Two simple steps to help avoid a JV dispute
Sometimes, however, disagreements between business partners in a JV are simply unavoidable.
However in our experience there are two very simple steps that a remarkable number of businesses fail to take prior to entering a joint venture which together significantly reduce the chance of a bust up. And that’s the case whether you’ve set up a joint company, limited liability partnership, or have entered into a partnership – with or without a written partnership agreement
- Due diligence. Before entering into any form of joint venture arrangement with others, it’s absolutely essential that you do their homework to find more about them. Far too many people enter into JVs without really knowing enough about their new business partner.
Click here to download our FREE joint venture due diligence checklist
- No Paperwork. A missing or inadequate joint-venture agreement can cause huge problems. In their enthusiasm to work together, far too many people, especially entrepreneurial types, focus on the possibilities and rush into business without properly thinking through how they are going to work together. Whether you are forming a partnership or a limited company, you need to make sure you have a comprehensive agreement drafted by specialist solicitor – which can take a number of forms including a partnership agreement, shareholders agreement or dedicated joint-venture agreement.
Click here for our page on joint-venture agreements – which includes a useful checklist on the kind of things you need to discuss with your JV partner and consider putting into your written agreement.
Click here to find out more about the importance of in well drafted, written shareholders agreements and partnership agreements.
Or click here to find out more about company disputes and director disputes
What are the three types of due diligence?
The three main types of due diligence are commercial, financial, and legal. However, each type comprises numerous processes, which are forms of due diligence in their own right. For example, legal due diligence involves a range of different tasks, including verifying the company’s intellectual property portfolio, examining its contractual relationships, and investigating any ongoing or potential litigation. The extent of due diligence required in connection with a particular acquisition depends on the circumstances, and your solicitor will advise you on the level appropriate to protect your interests while minimising your costs.
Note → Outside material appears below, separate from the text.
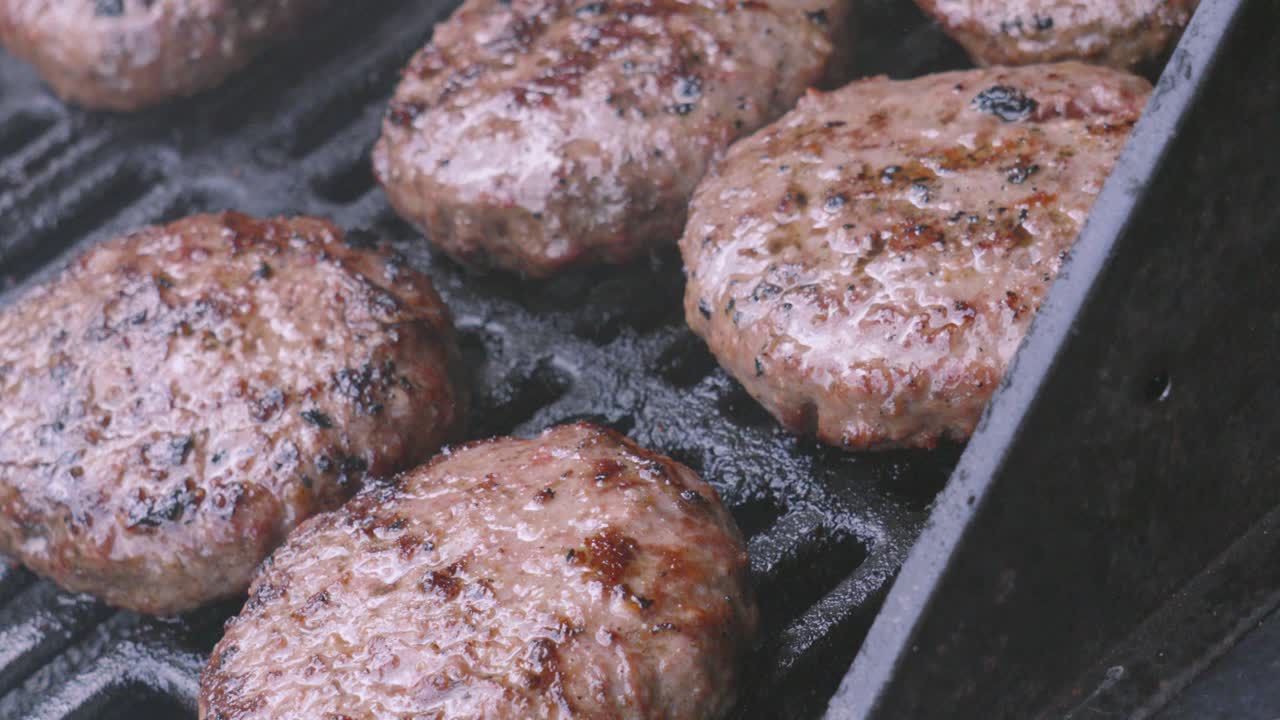 Group of Beef Burgers Gently Cooking on Hot Iron Grill on BBQ Cooked Outside in Natural Lighting. Delicious Juicy Meat Grilled.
What is due diligence in venture capital?
Due diligence in venture capital refers to the process of investigating and evaluating a startup’s affairs and growth potential before agreeing to invest. An investor may want to look at matters such as market size, competition, and customer demand, known as commercial due diligence. They may also want to conduct financial due diligence, which involves reviewing material such as the business’s profit forecasts, past funding, and expenses. In addition, an investor may undertake legal due diligence to obtain key information regarding issues such as the business’s corporate structure, intellectual property rights, and regulatory compliance.
Is a joint venture always 50/50?
No, a joint venture is not always a 50/50 split. The parties can structure ownership of their joint venture in any way they choose, whether that be 50/50, 60/40, 70/30 and so on. The ownership split usually reflects the parties’ risks and contributions to the project.
What is M&A due diligence?
M&A due diligence refers to the thorough assessment of a target company ahead of a merger or acquisition. It is a crucial stage in the mergers and acquisitions process, since it is the buyer’s opportunity to deep-dive into the business’s affairs to assess its true value and identify any risks and issues. If a buyer fails to carry out proper due diligence, they risk potentially disastrous consequences. For example, the buyer may pay over the odds for the company, or the company may not legally own assets that the buyer had believed they were acquiring.